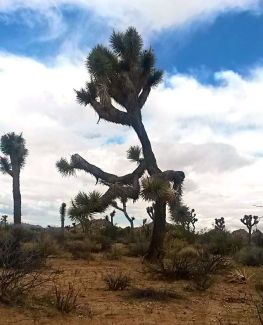 Hiking Joshua Tree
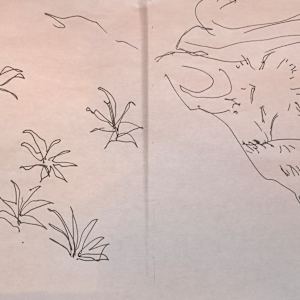 Series: Canyon de Chelly, Arizona, and New Mexico, drawings by Denita Benyshek 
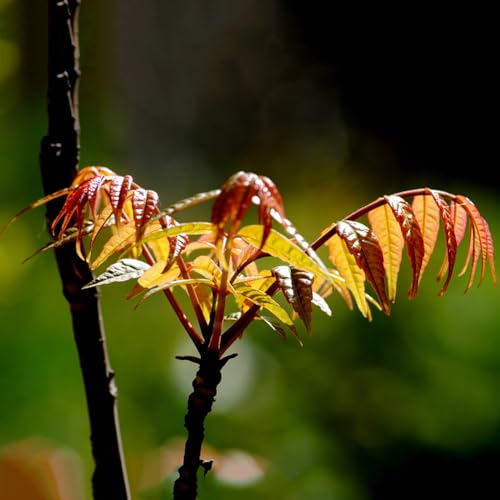 40 Stück Chinesische Mahagoni-Toon-Samen Rotes Öl Toona Sinensis Garten-Gemüsepflanzen-Gartensamen zum Pflanzen jetzt von Roadoor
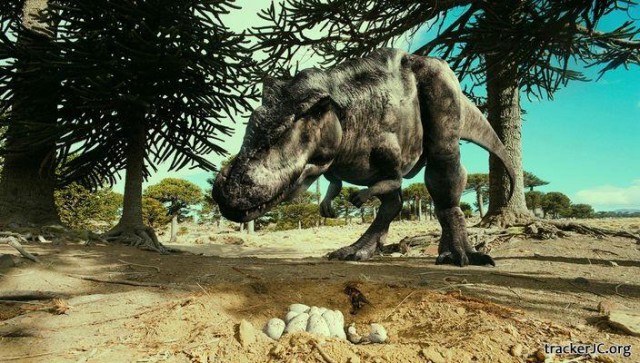 Dinozorlar: Patogonya Devleri Fotoğrafı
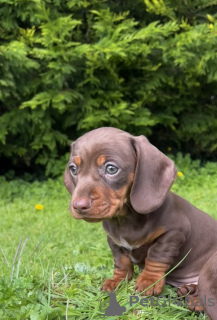 Photo №2 to announcement № 103820 for the sale of dachshund - buy in United States private announcement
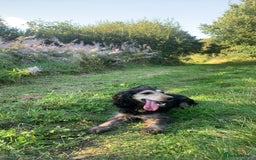 Cocker Spaniel dogs for sale: Cocker spaniels  - Image 9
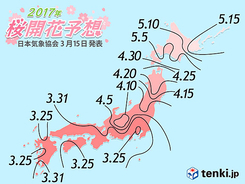 来週スタート桜前線　日本気象協会発表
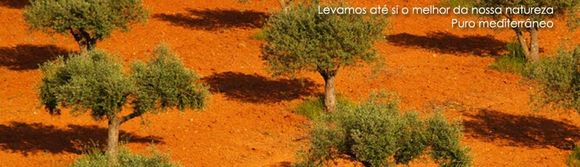 Uma vista aérea de uma fileira de oliveiras em um campo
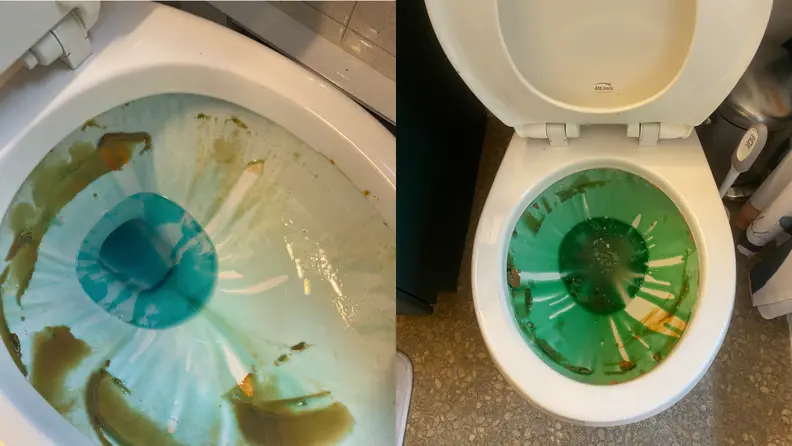 Dried brown miso paste is spread around the inside of a toilet bowl and blue cleaner gel covers it
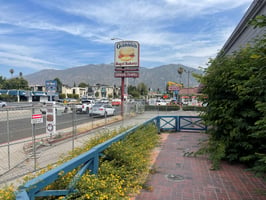 9066119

Work instruction: Give the records back exactly, with no pictures.

Answer box:
 Hiking Joshua Tree
 Series: Canyon de Chelly, Arizona, and New Mexico, drawings by Denita Benyshek 
 40 Stück Chinesische Mahagoni-Toon-Samen Rotes Öl Toona Sinensis Garten-Gemüsepflanzen-Gartensamen zum Pflanzen jetzt von Roadoor
 Dinozorlar: Patogonya Devleri Fotoğrafı
 Photo №2 to announcement № 103820 for the sale of dachshund - buy in United States private announcement
 Cocker Spaniel dogs for sale: Cocker spaniels  - Image 9
 来週スタート桜前線　日本気象協会発表
 Uma vista aérea de uma fileira de oliveiras em um campo
 Dried brown miso paste is spread around the inside of a toilet bowl and blue cleaner gel covers it
 9066119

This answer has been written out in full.